The patch did not work for me.  Windoz 10/64 error - "The app did not install correctly - try compatibility mode" - did that - no luck......??


----------



## Paul G (Apr 3, 2020)

Paul G said:


> The patch did not work for me.  Windoz 10/64 error - "The app did not install correctly - try compatibility mode" - did that - no luck......??


I got the patch to work by installing from within the correct folder.


----------



## MikeFloutier (Jun 9, 2020)

I just tried downloading the ASIO plugin from GitHub and although it installed "uninstall" files to the "OBS-studio" folder, it did not seem to download the file that the "patcher" software is looking for in that location


----------



## pkv (Jun 10, 2020)

MikeFloutier said:


> I just tried downloading the ASIO plugin from GitHub and although it installed "uninstall" files to the "OBS-studio" folder, it did not seem to download the file that the "patcher" software is looking for in that location



post an issue on github with log and detailed setup.
It's unclear to me what's your issue.


----------



## wololo (Aug 11, 2020)

I'm looking for ASIO for Mac, some sites like this report that ASIO4All is only for Windows? Is this true?


----------



## germanocarella (Aug 30, 2020)

pkv said:


> https://github.com/pkviet/obs-asio/releases


Hi,
I'm a blind developer and use obs studio with wscreen reader.
I installed obs-asio correctly and it works.
I can select asio in put device and redirect output for monitoring it.
Unfortunately there is a lot latency, probably cause output is redirected to wasapi system instead of asio.
I'm attempting to compile obs-asio with bassasio library, but, I'm not shure this resolve my problem.

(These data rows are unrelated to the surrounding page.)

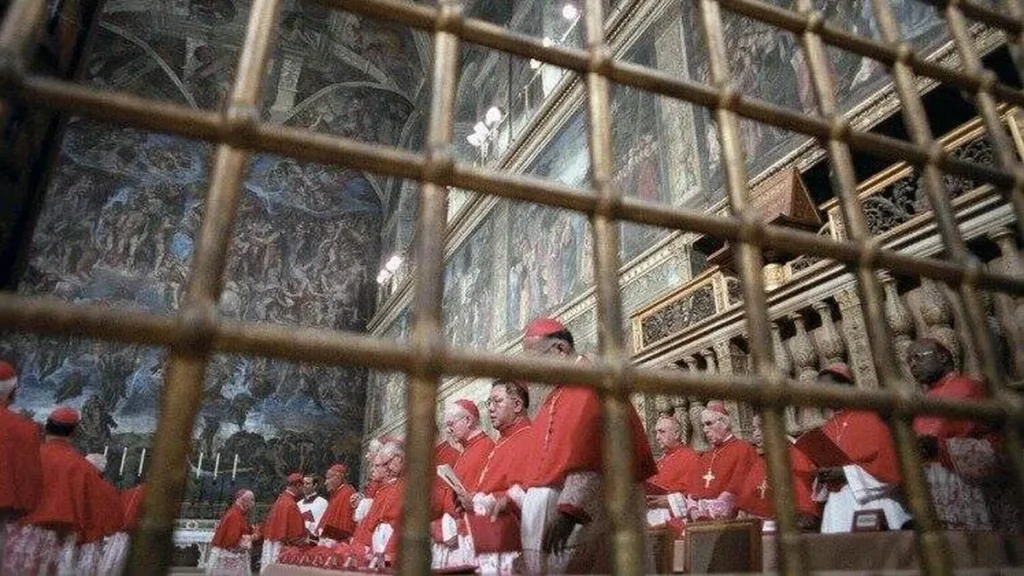 Imagem Capela Sistina cardeais do artigo A preparação do Conclave e a simbologia da Capela Sistina
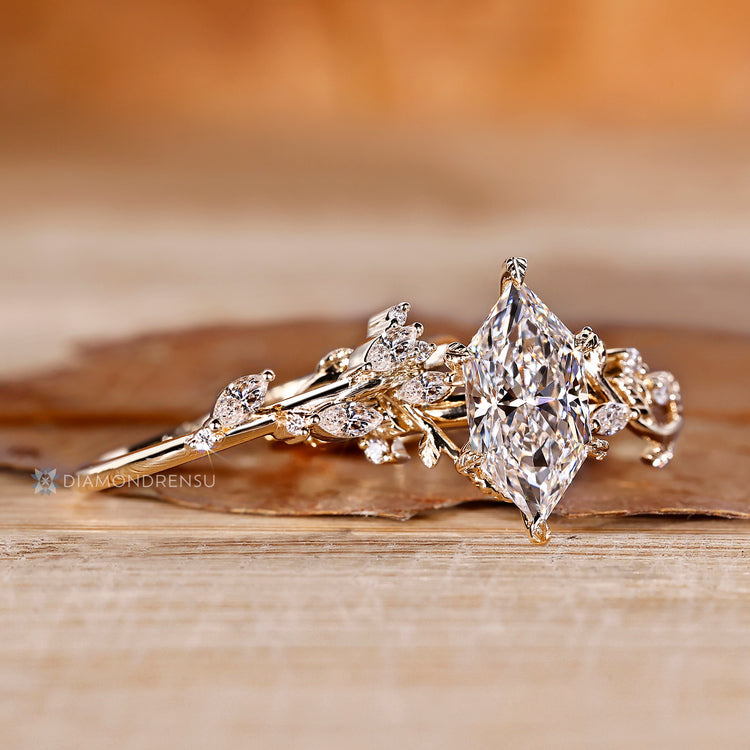 Dutch marquise bridal set with round diamond band.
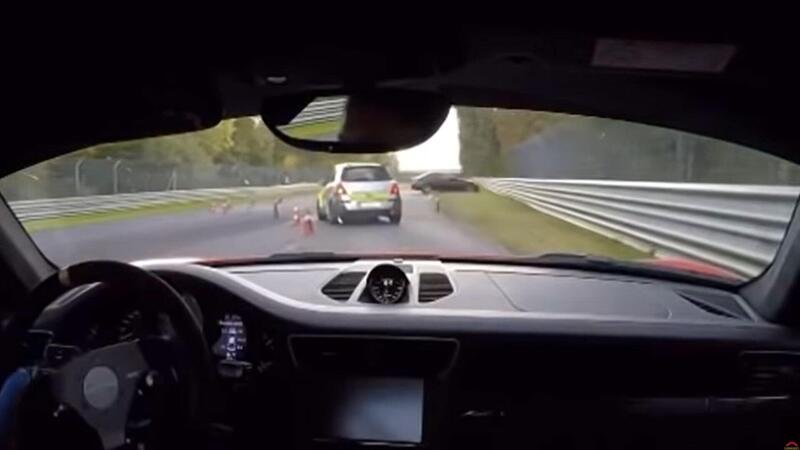 Con la bella Mercedes in test al Nurburgring: pronti, partenza... Crash [video 2 secondi]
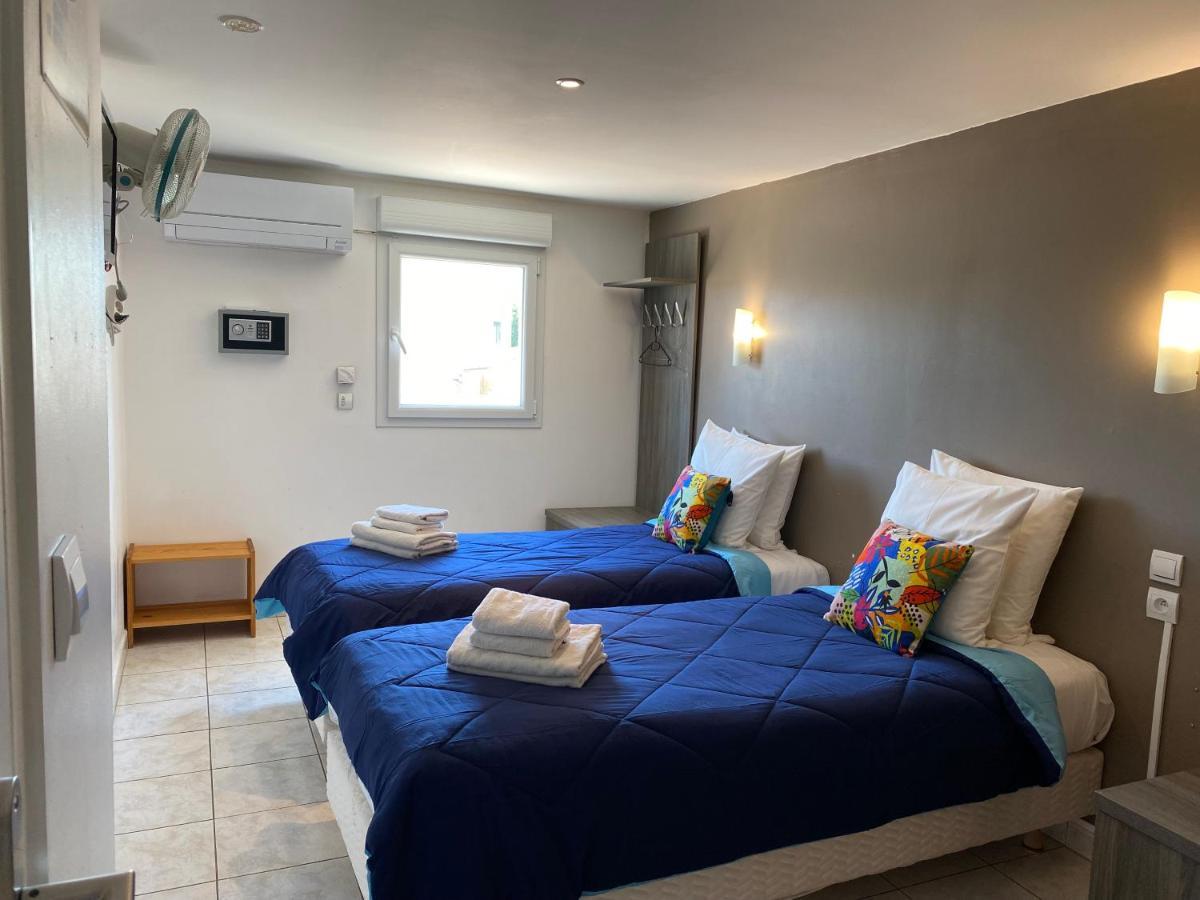 Logis Hotel La Chaumiere Marseillan  Exteriör bild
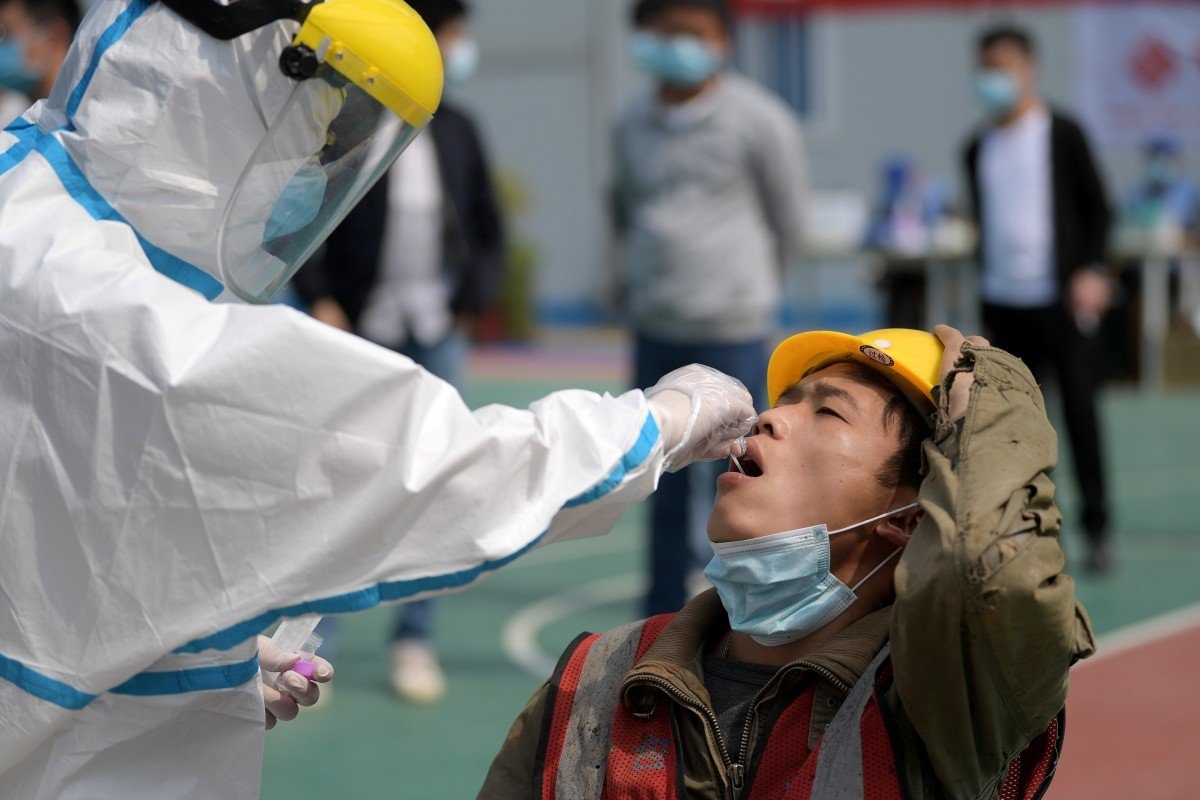 Lo dịch tái bùng nổ, Trung Quốc truy tìm “mầm bệnh thầm lặng”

I'm using focusrite scarlet 2i2 and edirol ua-101.
Building obs-asio with bassasio is a lot complicated, I must install qt, cmake-gui that is not accessible for blind persons, so, if it's doesn't resolve, I don't build obs-asio for myself.
Germano


----------



## SpuddySpud (Oct 20, 2020)

Hi folks, this REALLY helped me to get ASIO audio from my DAW into OBS:
It works on OBS 26.0.2 and any DAW that supports VST 2.0
https://www.youtube.com/watch?v=rxZ3o1aTyPY
Hope this helps!


----------



## davidmcmusic (Oct 27, 2020)

Helloooo. Thanks for the video. It did work but the sound cracks many times while playing. My buffer size is 64 in order to play well. Do you know why it could be that crack sound that sometimes comes??

Thank you again


----------



## eri (Nov 13, 2020)

Good news! Version 3.0 of the plugin was uploaded 10 days ago!
I'm using it with a mic plugged into my Apogee Symphony Desktop and it's working very well so far after following the directions. Pretty simple install.
download link: asio plugin v3.0.0

I also tried the ASIO Link Pro with the patcher also but it was only able to patch the 32bit version??
In general, the ASIO Link Pro interface seems very complicated to use so if anyone has advice or a guide, it'd be appreciated! I am not sure how to run signals from my interface to OBS, or other Assio DAWs to OBS.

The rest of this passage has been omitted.